My school routine had become laughable. Mondays, I’d stop by just long enough to pick up my assignments, and Fridays, I’d drop them off. The rest of my time was split between schoolwork, my job, and, most importantly, Cipher. My social life barely existed, but in my head, I was young, wild, and free. More importantly, staying home kept Cipher calm. It was a win-win—or at least that’s what I convinced myself. I was earning my high school diploma while reassuring my overprotective boyfriend that I wasn’t spending time with guys my age, out in the world where he couldn’t control me, or around any so-called “bad influences.”
I had completely settled into life with Cipher. School no longer felt like a priority. I hated walking through those metal detectors, hated the stares in the hallways. Senior year was supposed to be about prom, senior trips, and graduation, but I pretended not to care. Cipher had already made it clear—prom and senior trips were out of the question. He wouldn’t allow it, period. And even if I did graduate, who would show up? My family? Cipher? I already knew the answer.
School had been difficult ever since my parents divorced and we moved out of my childhood suburb. I never quite fit in after that. This was my second high school, and in my eyes, it was the worst. Somewhere between junior and senior year, I had earned the reputation of my high school’s biggest slut. I never had to hear the rumors to know they existed—people’s stares, their energy, their whispered conversations when I was around said enough. Whatever friends I had left either went to different schools or had drifted away. Maybe they abandoned me because, in a way, I had already abandoned myself—and my childhood along with it.
I had no real friendships, no solid relationship with my parents, barely any connection with my sisters. There was only Cipher. He made sure of that. He isolated me until I had no one else, and by then, I had stopped resisting.
Somewhere between the daycare across from my homeroom and the Planned Parenthood inside the nurse’s office, I became okay with the idea that I was sexually active. More than that, I entertained the thought of having a baby young. It was me and Cipher against the world. We were already a family—at least, that’s what I told myself. The only thing missing was a baby.

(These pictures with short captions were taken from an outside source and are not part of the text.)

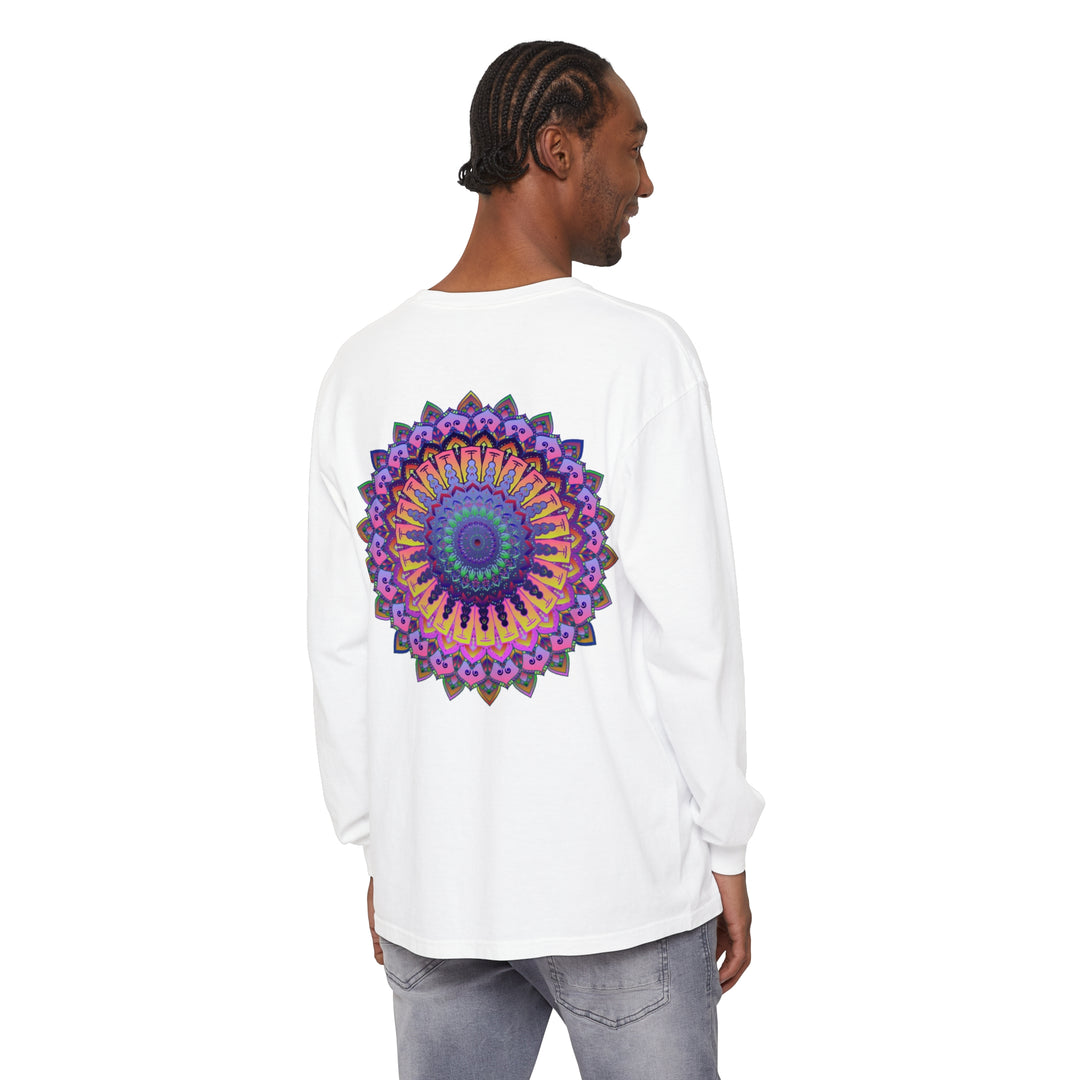 A detailed and colorful Intricate Mandala Unisex Long Sleeve T-Shirt on a mannequin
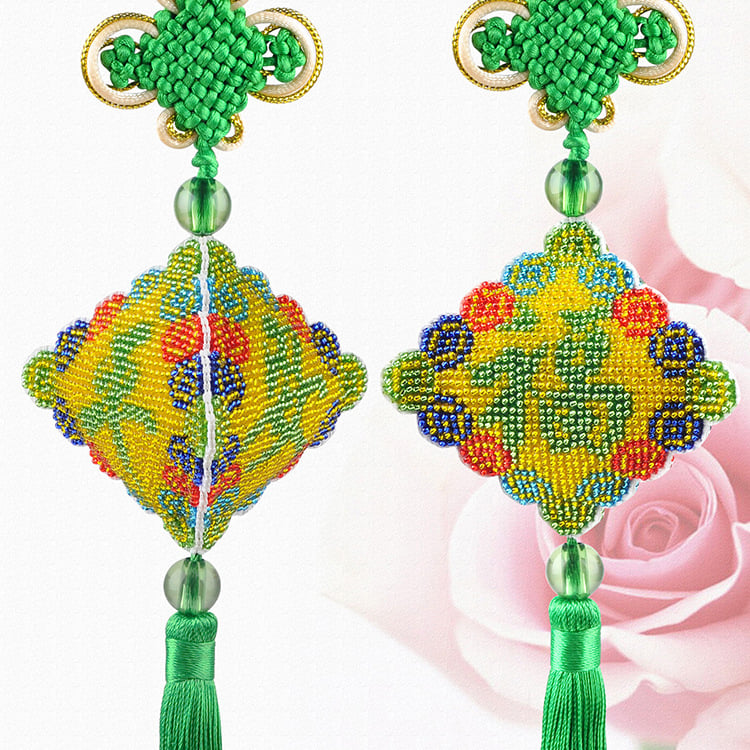 Kit za križićno šivanje s perlicama na platnu 14CT, plastična ploča, uzorak svečano, brend Green phoenix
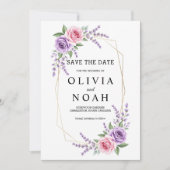 Lavendel und rosa Rose geometrisches Save-the-Date Save The Date (Vorderseite)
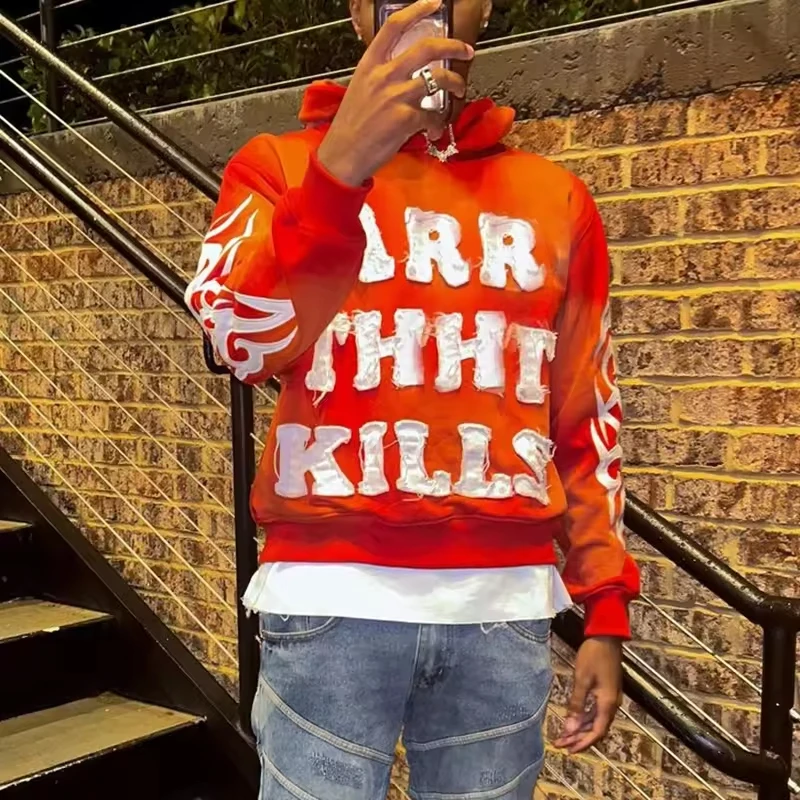 Sun Faded Acid Wash Hoodie Distressed Patch Embroidery Cotton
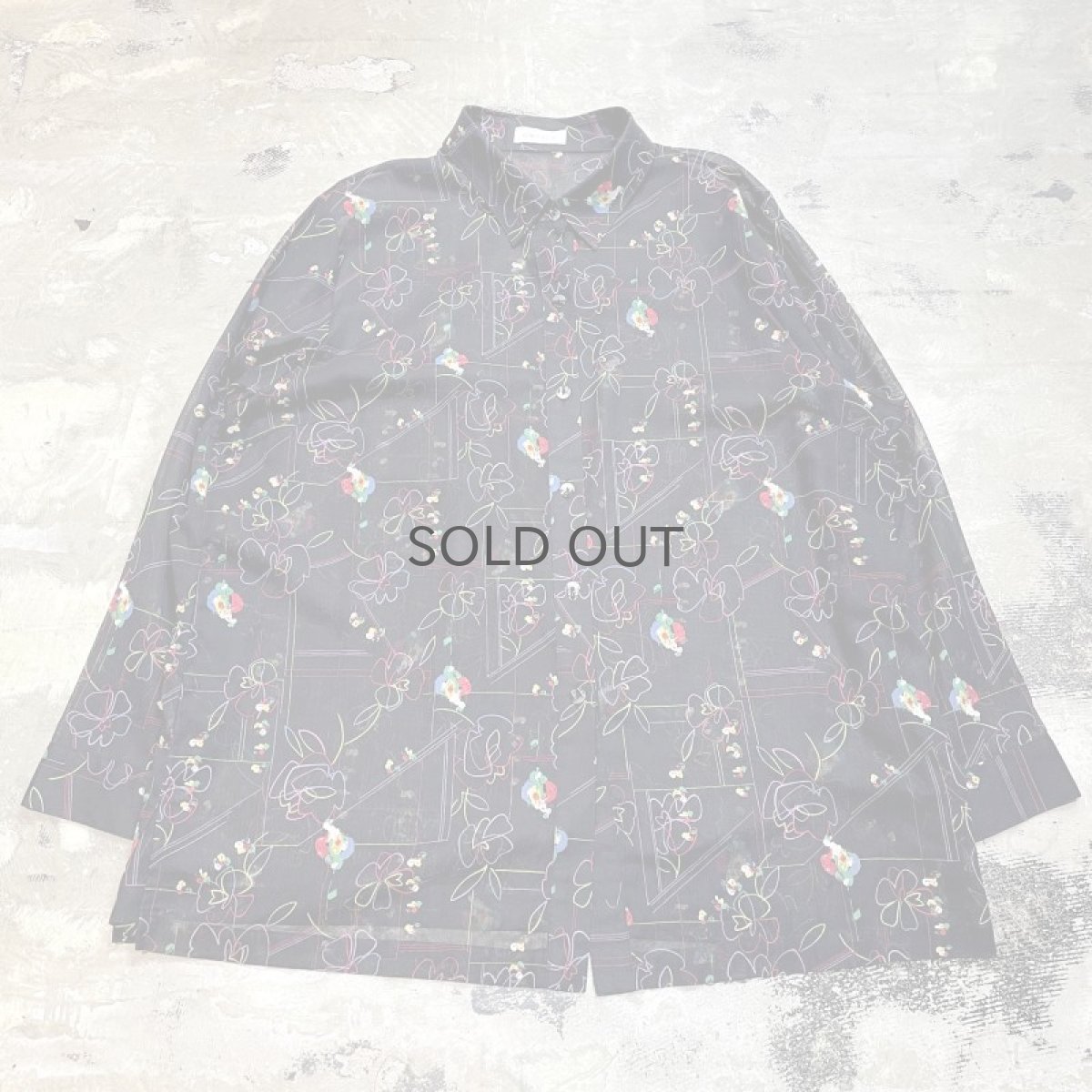 画像1: ARTISTIC FLORAL PATTERN L/S SHEER SHIRT / Mens M (1)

The idea of having a baby started as nothing more than a whisper—soft, distant, almost unreal. At first, I ignored it. But the more isolated I became, the louder it grew, until it was impossible to silence. I had never felt so alone. My friends were gone. My family felt like strangers. The only person left was Cipher, but even with him, I wasn’t someone—I was something. An accessory. A possession. Just another thing he had to manage. I was the girl he dictated—where to go, what to wear, when to speak. And worst of all, I was the girl he had molded into silence, into obedience, into someone who no longer knew how to fight back.
I wanted something more. I wanted to be wanted—not out of obligation or control, but genuinely, unconditionally. A baby wouldn’t judge me. A baby wouldn’t whisper about me in the hallways or disappear when things got too messy. A baby wouldn’t leave.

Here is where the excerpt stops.